Henriette Mathilde Maria Elizabeth Emilie (Mila) Snethlage | |
---|---|
Born | April 13, 1868 Gransee-Kraaz, Brandenburg district, Germany |
Died |
November 25, 1929 (aged 61) Porto Velho, Rondônia, Brazil |
Citizenship | Brazilian |
Nationality | German |
Fields | Ornithology |
Institutions | Museu Paraense Emílio Goeldi |
Alma mater | Albert Ludwig University of Freiburg in Breisgau |
Doctoral advisor | August Weismann |
Known for | Amazonian ornithology |
Influences | Emílio Goeldi, Bertha Lutz |
Notable awards | Brazilian Academy of Sciences |
Notes | |
This remarkable woman opened science
as a profession for Brazilian women. |
Maria Emilie Snethlage (April 13, 1868 – November 25, 1929) was a German-born Brazilian naturalist and ornithologist who worked on the bird fauna of the Amazon. Snethlage collected in Brazil from 1905 until her death. She was the director of the Museu Paraense Emílio Goeldi from 1914 to 1922. Several species of birds were described by her.
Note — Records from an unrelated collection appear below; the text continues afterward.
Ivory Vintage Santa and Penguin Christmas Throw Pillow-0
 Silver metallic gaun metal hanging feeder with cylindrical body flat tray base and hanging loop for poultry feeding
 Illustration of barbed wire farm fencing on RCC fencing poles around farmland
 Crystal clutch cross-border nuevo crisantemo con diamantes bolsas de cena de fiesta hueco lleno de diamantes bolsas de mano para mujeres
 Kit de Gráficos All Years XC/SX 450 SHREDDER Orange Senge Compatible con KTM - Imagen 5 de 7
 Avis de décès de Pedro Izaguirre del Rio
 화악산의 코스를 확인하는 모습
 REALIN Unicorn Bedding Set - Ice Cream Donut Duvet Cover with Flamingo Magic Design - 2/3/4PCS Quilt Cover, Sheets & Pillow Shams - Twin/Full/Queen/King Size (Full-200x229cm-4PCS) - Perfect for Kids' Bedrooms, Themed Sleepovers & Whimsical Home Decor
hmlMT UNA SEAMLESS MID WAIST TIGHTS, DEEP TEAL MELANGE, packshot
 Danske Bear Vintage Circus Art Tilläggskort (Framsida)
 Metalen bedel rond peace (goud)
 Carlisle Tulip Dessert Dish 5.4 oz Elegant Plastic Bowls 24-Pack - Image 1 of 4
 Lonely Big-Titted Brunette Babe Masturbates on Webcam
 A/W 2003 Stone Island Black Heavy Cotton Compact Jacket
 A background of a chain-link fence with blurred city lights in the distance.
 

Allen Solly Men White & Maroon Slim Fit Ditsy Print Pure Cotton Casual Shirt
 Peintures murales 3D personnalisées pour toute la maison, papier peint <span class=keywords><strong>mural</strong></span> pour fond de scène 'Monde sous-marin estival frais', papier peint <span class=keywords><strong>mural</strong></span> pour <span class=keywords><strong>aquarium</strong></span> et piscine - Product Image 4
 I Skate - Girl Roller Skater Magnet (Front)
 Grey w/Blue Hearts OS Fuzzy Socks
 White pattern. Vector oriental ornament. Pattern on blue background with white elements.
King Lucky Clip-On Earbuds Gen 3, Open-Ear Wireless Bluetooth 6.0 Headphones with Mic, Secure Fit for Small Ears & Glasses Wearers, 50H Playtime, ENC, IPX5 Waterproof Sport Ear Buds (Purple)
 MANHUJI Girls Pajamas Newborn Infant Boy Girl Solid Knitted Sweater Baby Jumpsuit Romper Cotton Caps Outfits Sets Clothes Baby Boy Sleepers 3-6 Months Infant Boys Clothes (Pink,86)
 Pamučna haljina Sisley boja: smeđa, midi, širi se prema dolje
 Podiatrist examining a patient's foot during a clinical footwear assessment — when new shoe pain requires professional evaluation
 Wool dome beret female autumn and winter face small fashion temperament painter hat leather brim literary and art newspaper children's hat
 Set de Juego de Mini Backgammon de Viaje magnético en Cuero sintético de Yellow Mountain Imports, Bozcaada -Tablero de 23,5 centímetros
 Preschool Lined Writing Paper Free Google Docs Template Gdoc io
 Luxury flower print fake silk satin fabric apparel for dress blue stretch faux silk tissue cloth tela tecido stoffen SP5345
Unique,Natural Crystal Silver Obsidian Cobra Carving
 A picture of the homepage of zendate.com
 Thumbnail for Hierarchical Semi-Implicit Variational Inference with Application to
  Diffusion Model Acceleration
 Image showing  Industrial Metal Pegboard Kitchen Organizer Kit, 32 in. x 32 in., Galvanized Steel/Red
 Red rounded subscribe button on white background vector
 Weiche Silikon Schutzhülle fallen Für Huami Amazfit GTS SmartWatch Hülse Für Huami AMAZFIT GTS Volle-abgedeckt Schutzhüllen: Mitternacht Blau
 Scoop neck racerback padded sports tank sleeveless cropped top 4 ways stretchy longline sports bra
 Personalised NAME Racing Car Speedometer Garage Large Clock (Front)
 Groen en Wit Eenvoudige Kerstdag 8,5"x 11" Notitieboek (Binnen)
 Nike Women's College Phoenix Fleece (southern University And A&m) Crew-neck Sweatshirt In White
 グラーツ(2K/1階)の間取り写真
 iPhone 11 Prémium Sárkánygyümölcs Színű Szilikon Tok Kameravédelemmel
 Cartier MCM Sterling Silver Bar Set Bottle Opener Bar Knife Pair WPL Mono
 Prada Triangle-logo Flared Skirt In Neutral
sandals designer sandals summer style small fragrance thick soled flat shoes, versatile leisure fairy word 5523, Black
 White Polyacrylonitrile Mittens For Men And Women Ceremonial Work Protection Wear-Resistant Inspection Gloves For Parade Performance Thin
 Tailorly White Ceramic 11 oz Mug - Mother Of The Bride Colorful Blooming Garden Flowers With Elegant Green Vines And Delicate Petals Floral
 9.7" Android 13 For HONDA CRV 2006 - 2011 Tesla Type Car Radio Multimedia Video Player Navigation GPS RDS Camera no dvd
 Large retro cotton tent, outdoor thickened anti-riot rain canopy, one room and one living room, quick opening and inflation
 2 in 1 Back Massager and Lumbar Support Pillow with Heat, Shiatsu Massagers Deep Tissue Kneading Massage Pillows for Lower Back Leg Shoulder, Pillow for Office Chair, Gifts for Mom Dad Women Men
Maria Emilie Snethlage was born in Kraatz (now part of Gransee) in the Province of Brandenburg, Prussia, and educated privately by her father Rev. Emil Snethlage, a Lutheran pastor, after the death of her mother. In 1889 she passed an examination that allowed her to teach young women at secondary school. At the age of 21 she studied French at Neuchatel and worked for a few years as a tutor in England, Ireland and Germany. She became interested in nature at an early age through the book Entdeckungsreisen in Feld und Flur by Hermann Wagner and she collected plants for a herbarium apart from sending notes on birds to Rudolf Blasius at a young age. In 1899, at the age of 30 she decided to study natural history at the University of Berlin. The conditions for her at attend university included the need to be in class five minutes before time and sit behind a folding screen. She was not to ask any questions during class and had to leave the premises only fifteen minutes after the end of the class. Snethlage was one of the pioneer women to attend university and she continued her studies in Jena and Freiburg, obtaining a doctorate in 1904, summa cum laude. Her thesis work was on insect musculature with August Weismann as thesis advisor. She then worked as a zoological assistant at the Berlin Natural History Museum before being hired by Emílio Goeldi for the natural history museum in Belém on the recommendation of Dr. A. Reichenow. Goeldi had worked since 1894 to head the Museo Paraense and when the Swiss zoologist Gottfried Hagmann (1874-1946) left the museum after disagreements with Goeldi, the vacancy was filled by Snethlage in 1905.